Output every entry below exactly, without its pictures.

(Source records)
------------------------------
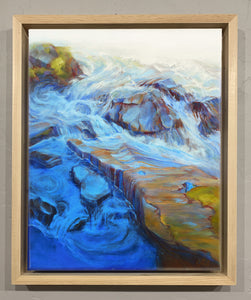 Custom framed original oil painting by Pat Cross titled Emerging Bedrock.
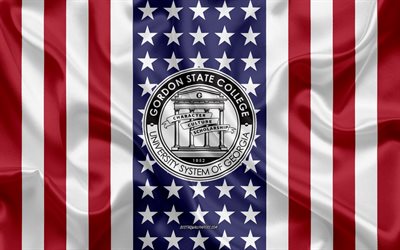 gordon state college-emblem, amerikanische flagge, gordon state college-logo, barnesville, georgia, usa, wahrzeichen von gordon state college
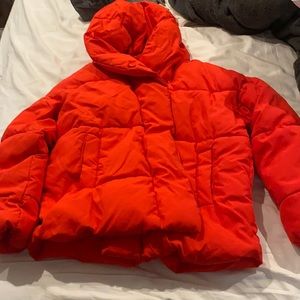 H&M oversized red puffer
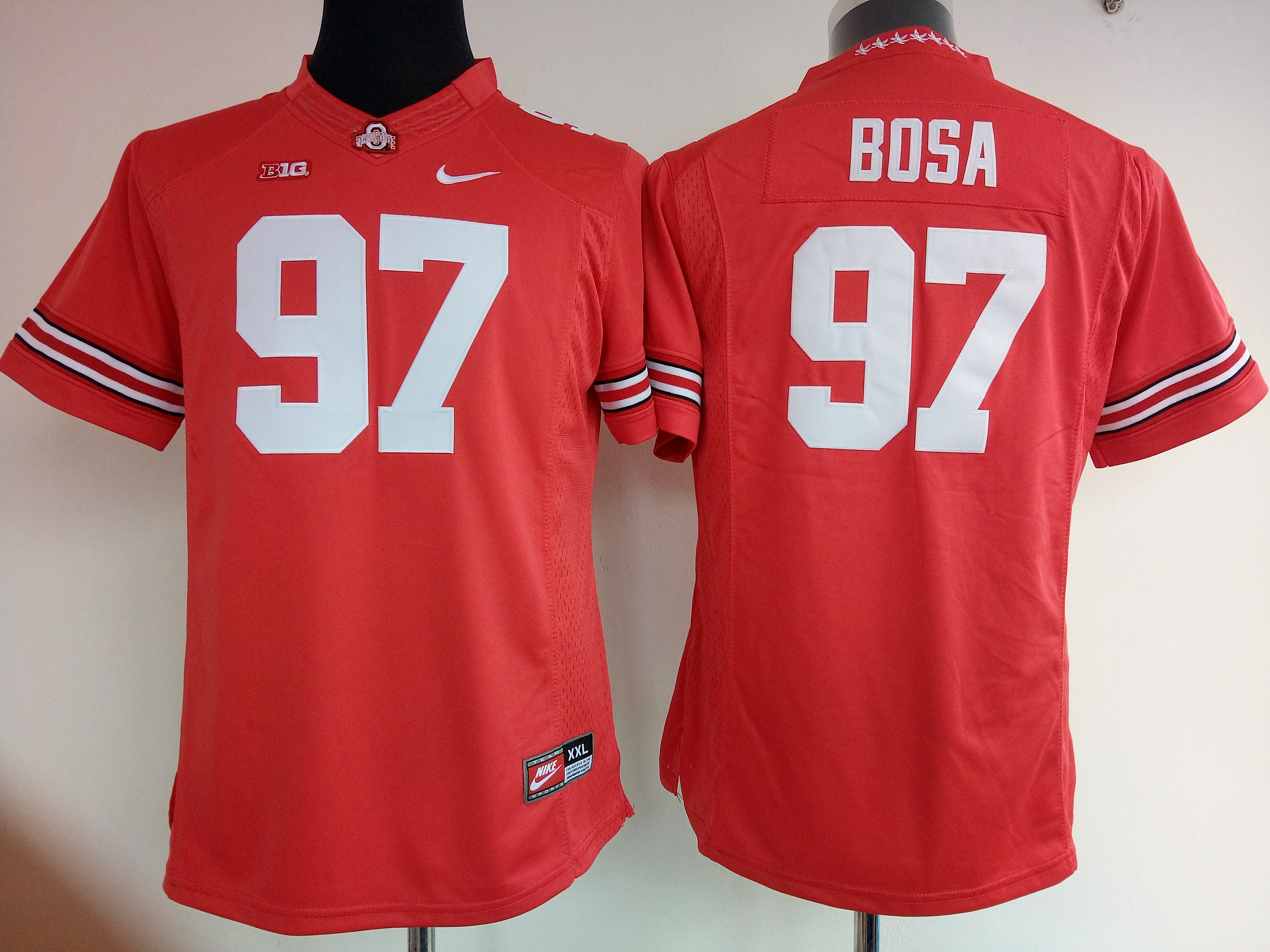 NCAA Womens Ohio State Buckeyes Red #97 bosa jerseys->women ncaa jersey->Women Jersey
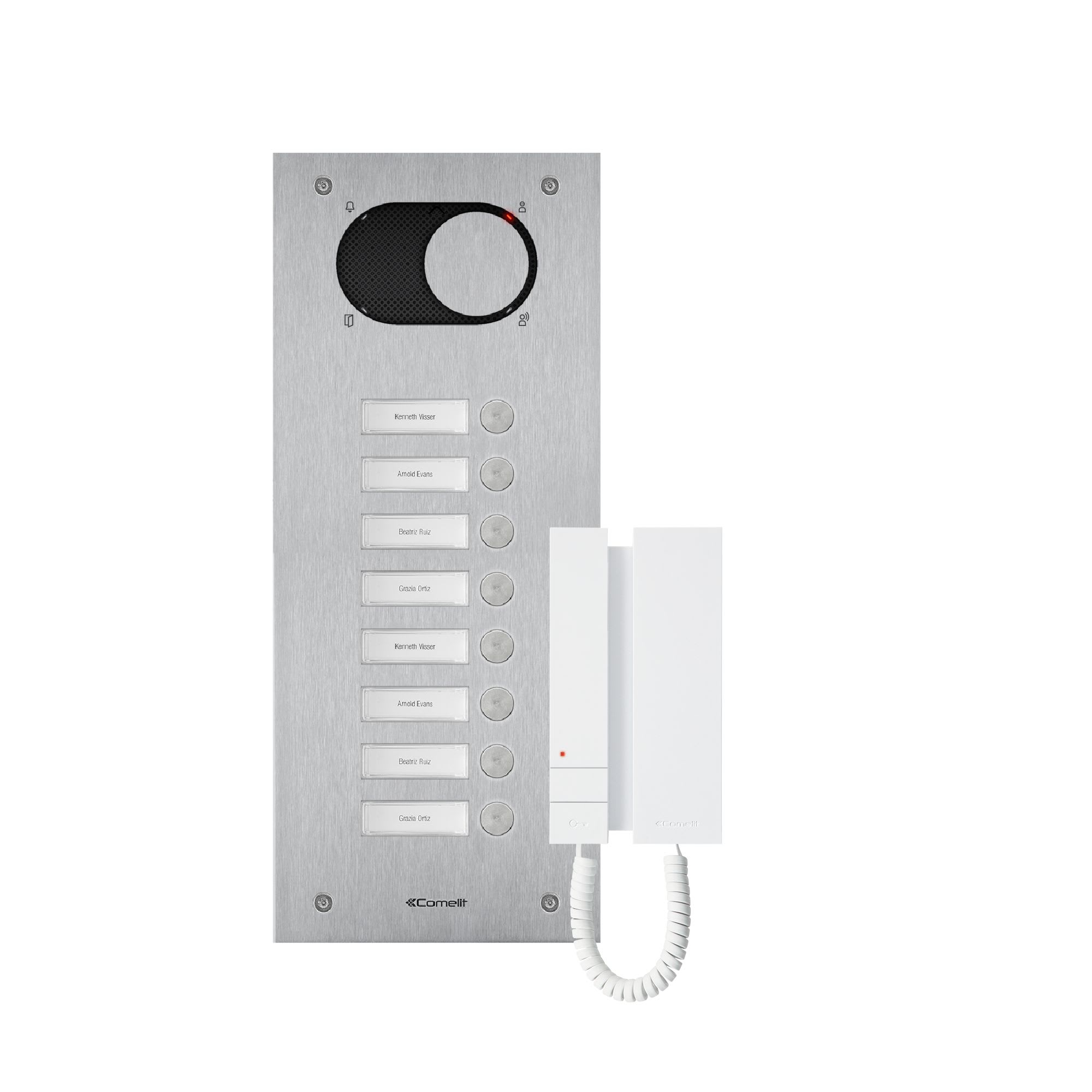 Comelit - Kit Audio 8 BP, Platine Switch + combiné audio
------------------------------
EXPECTED ANSWER —
 Custom framed original oil painting by Pat Cross titled Emerging Bedrock.
 gordon state college-emblem, amerikanische flagge, gordon state college-logo, barnesville, georgia, usa, wahrzeichen von gordon state college
 H&M oversized red puffer
 NCAA Womens Ohio State Buckeyes Red #97 bosa jerseys->women ncaa jersey->Women Jersey
 Comelit - Kit Audio 8 BP, Platine Switch + combiné audio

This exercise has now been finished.